Since there are users looking for more customization when it comes to custom modβ¦ules (https://github.com/ultralytics/ultralytics/pull/19609, https://github.com/ultralytics/ultralytics/pull/18909), this PR provides an alternative that enables a customizable interface for users to define and use custom modules without modifying Ultralytics source code. It takes inspiration from the `download` script feature that Ultralytics utilizes for dataset YAML.
For a user to define a custom module, they need to simply add the definition code and optionally the parser code to the model YAML as string.

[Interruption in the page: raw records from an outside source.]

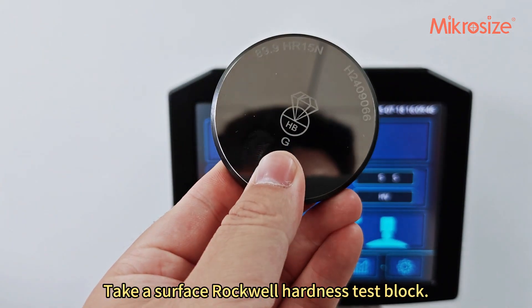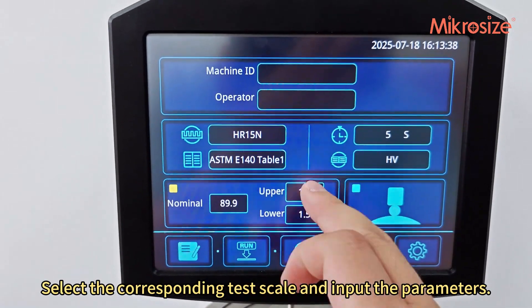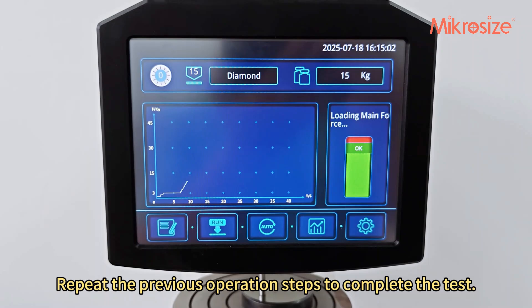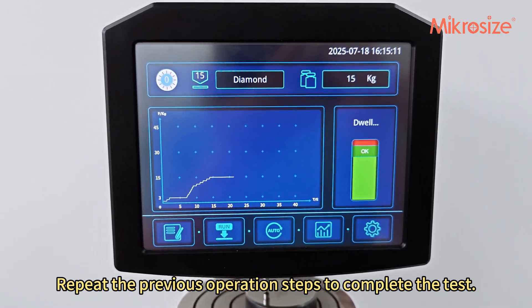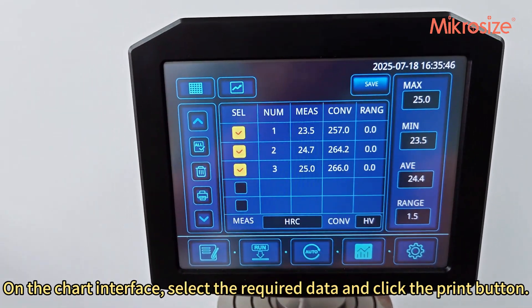Take a surface Rockwell hardness test block, select the corresponding test scale, and input the parameters. Repeat the previous operation steps to complete the test. On the chart interface, select the required data and click the print button.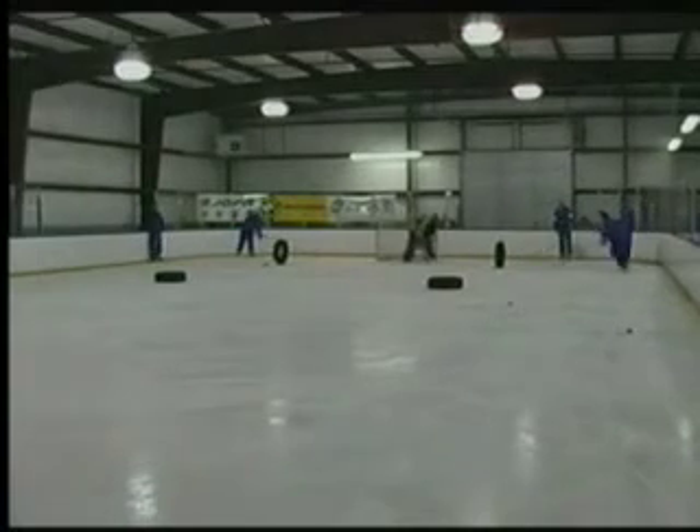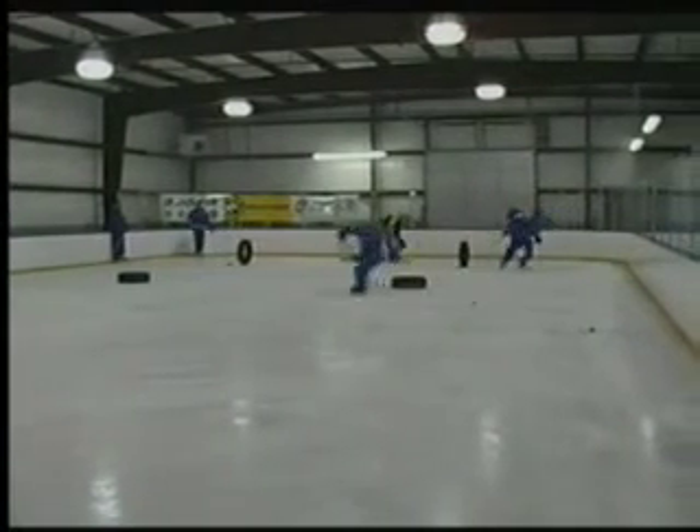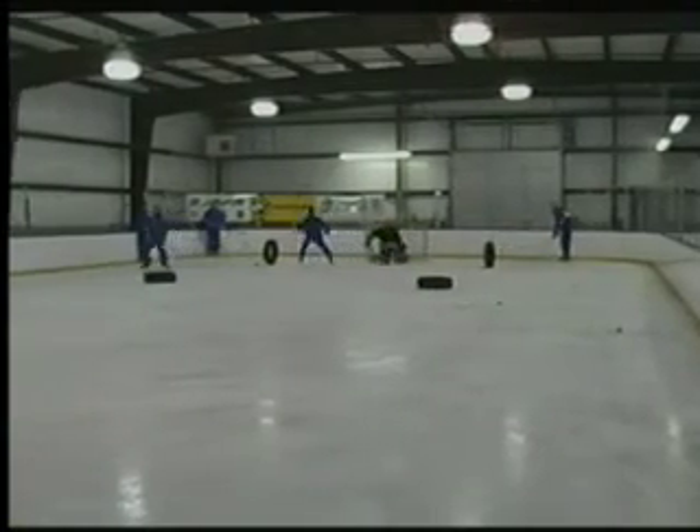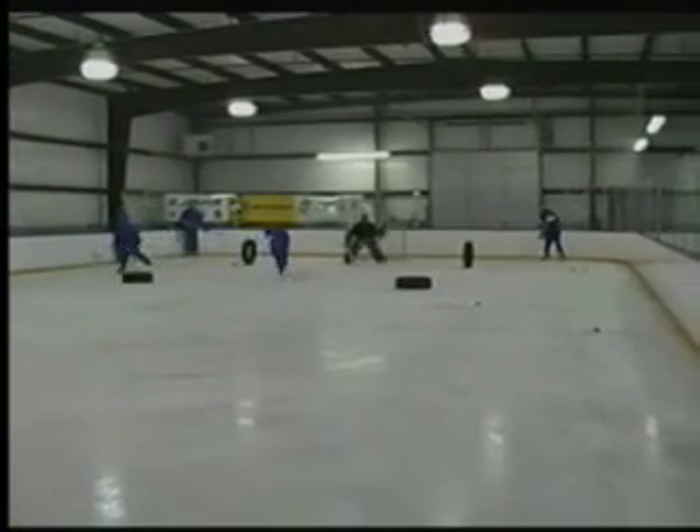You'll see it better the second time. Both guys go at the same time, pass, shot, backward to forwards, backward to forwards again.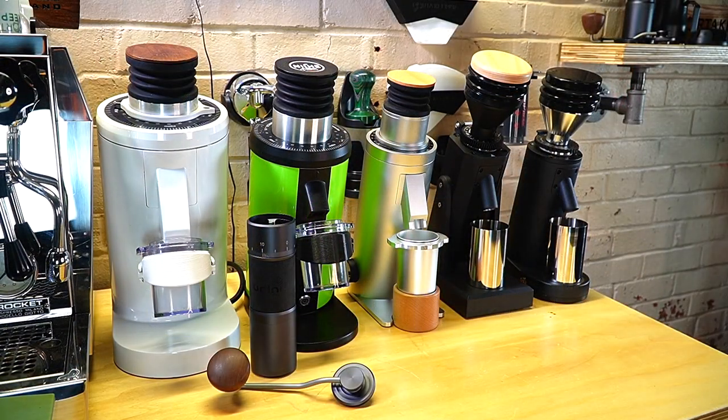Hey, what's going on, it's Bear with Espresso Outlet. Today I'm going to go over something we get asked all the time — phone calls, emails, Facebook messages — which grinder is right for me? That's really a subjective question based on your personal needs and budget. What are you going to use it for? Is it espresso only, pour over only, or are you trying to dual purpose it and do multiple methods with the same grinder?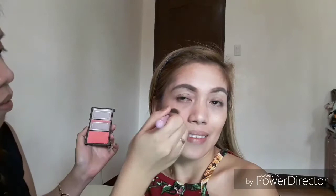For the blush, I am using my Sleek blush and I put it on the cheeks, to the side of the cheeks. I do the same on the other side. I put a little more blush since I will do a touch-up later and it tends to fade, so for now I apply it a bit heavier.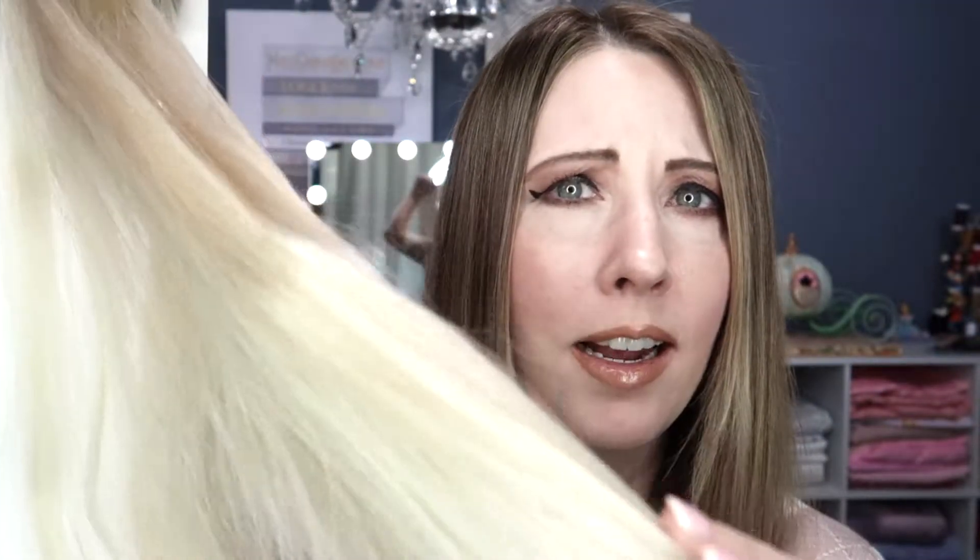Let's take these out of the package and get a first impression. I love the color — I do miss my blonde sometimes. They are very, very soft; I can't stress enough how soft they are. I'm not getting any shedding coming off at all. They held up really well to a really good brushing.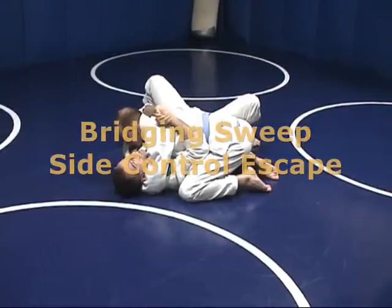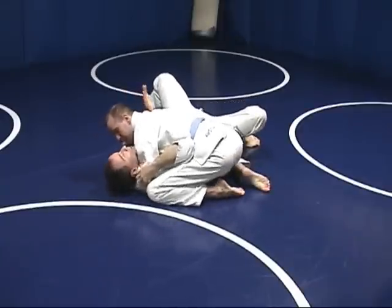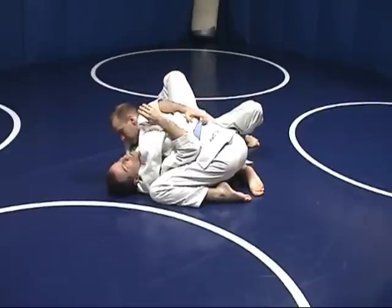A bridging sweep escape from side control. He's got a head and arm position — that's important. His arm is under my head. I'm reaching around his far shoulder, grabbing his belt.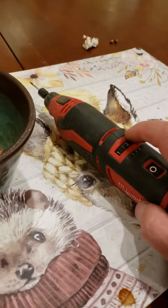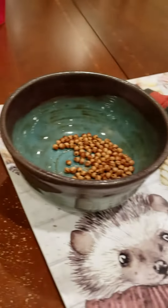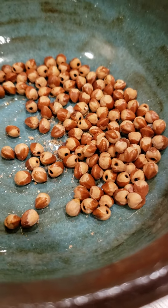Sounds like we need to turn the speed up just a little bit. Anybody know what makes the holes in those cedar berries on the mountain? A mouse or a squirrel or what?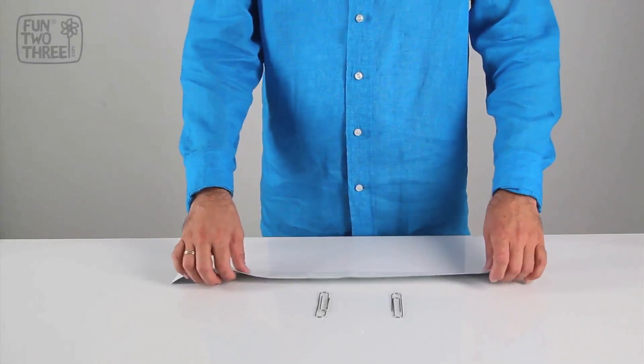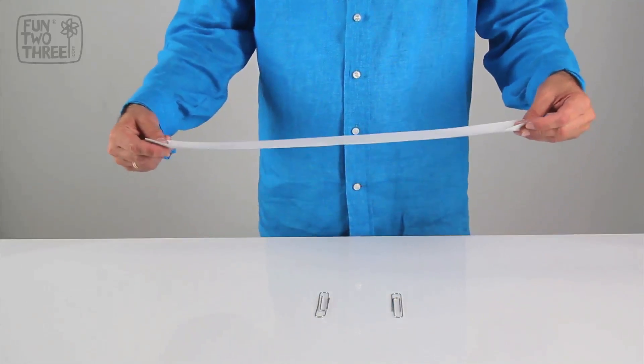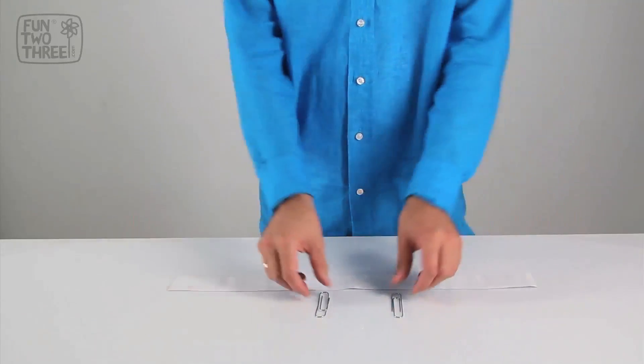Our goal is to make two paperclips join together on their own. We will need a wide strip of paper and two large paperclips.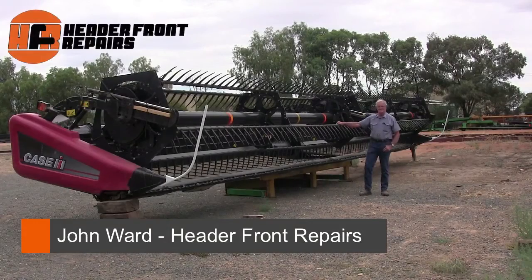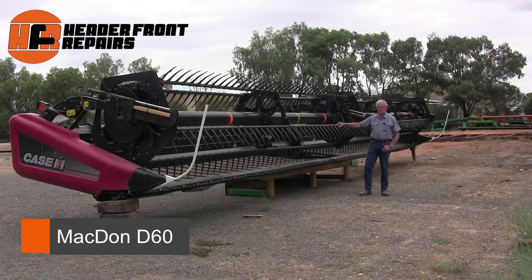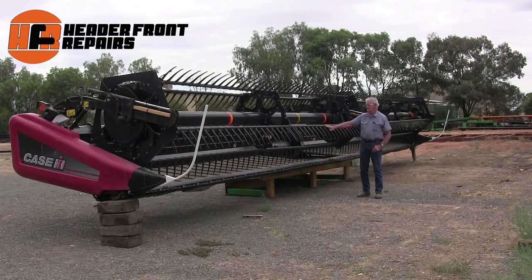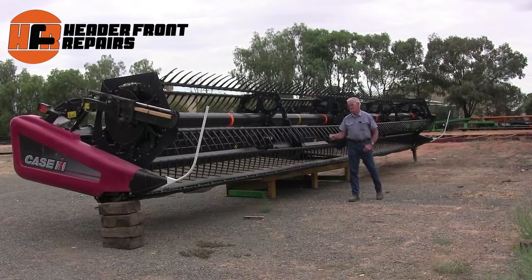I'm John Ward from Head of Front Repairs here in Swan Hill. I have for sale this Case 2152 40-foot draper — in other words, it's a MacDon D60. This platform has done very little work, as you can see. There's very little paint worn off the bars and the plastic fingers are almost in original condition.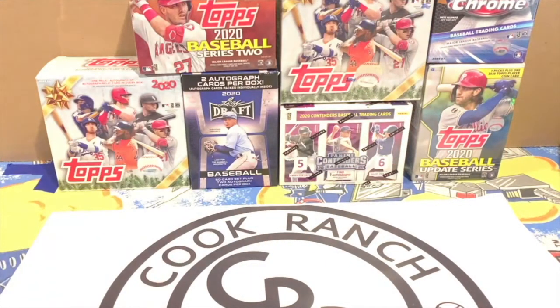Welcome back everybody to another Cook Range Breaks video! We're having a blast going around looking for baseball cards and checking out different things. Pepball Bobby even looked at Walmart for us yesterday — thank you, Pepball. We've gotten several cool breaks done; check out our videos on our YouTube channel.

In this YAML, I have defined two example modules directly in YAML, `Backbone` and `Head`. They don't exist in Ultralytics. In Ultralytics, we need to typically do two things to add a module. First, define the module and then if needed [specify a custom parser](https://github.com/ultralytics/ultralytics/blob/da98efc61d9e0467315fc86c2297c8d81e656b1a/ultralytics/nn/tasks.py#L1679) in `tasks.py` to parse the arguments from the YAML for that module.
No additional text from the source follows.